Seit den 1990er Jahren ist poppen zudem als Neulexem mit der Bedeutung Geschlechtsverkehr haben
belegt. Die Herkunft ist nicht vollständig geklärt, möglicherweise ist es auf das Niederrheinische zurückzuführen (vgl. Neologismenwb. unter poppen).
Literatur
Duden online Duden online. Hrsg. von der Dudenredaktion. Mannheim 2011 ff. (duden.de)
DWDS DWDS. Der deutsche Wortschatz von 1600 bis heute. (dwds.de)
Heinemann 1989 Heinemann, Margot: Kleines Wörterbuch der Jugendsprache. Leipzig 1989.
Neologismenwb. Leibniz-Institut für deutsche Sprache (IDS): Neologismenwörterbuch. (owid.de)

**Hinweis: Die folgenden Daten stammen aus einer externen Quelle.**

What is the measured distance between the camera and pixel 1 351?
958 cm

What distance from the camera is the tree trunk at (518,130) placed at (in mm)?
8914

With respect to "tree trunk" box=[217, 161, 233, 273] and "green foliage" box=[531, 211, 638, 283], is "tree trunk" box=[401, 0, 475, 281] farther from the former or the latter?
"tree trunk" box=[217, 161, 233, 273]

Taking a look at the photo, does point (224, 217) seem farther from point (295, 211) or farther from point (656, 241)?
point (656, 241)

3OED Oxford English Dictionary. The Definite Record of the English Language. Kontinuierlich erweiterte digitale Ausgabe auf der Grundlage von: The Oxford English Dictionary. Second Edition, prepared by J. A. Simpson and E. S. C. Weiner, Oxford 1989, Bd. 1–20. (oed.com)

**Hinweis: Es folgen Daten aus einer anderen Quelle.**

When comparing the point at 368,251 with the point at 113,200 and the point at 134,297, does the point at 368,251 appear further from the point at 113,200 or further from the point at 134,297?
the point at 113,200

Oschlies 1979 Oschlies, Walter: „Fakt, Baby! Mich peitscht der Ekel!“ Bemerkungen zum Jargon von DDR-Jugendlichen. In: Deutschland Archiv. Zeitschrift für Fragen der DDR und der Deutschlandpolitik. 12. Jahrgang (1979), Ausg. 7– 12, S. 1088–1095.
10Paul Paul, Hermann: Deutsches Wörterbuch. Bedeutungsgeschichte und Aufbau unseres Wortschatzes. 10., überarbeitete u. erweiterte Aufl. von Helmut Henne, Heidrun Kämper und Georg Objartel. Tübingen 2002.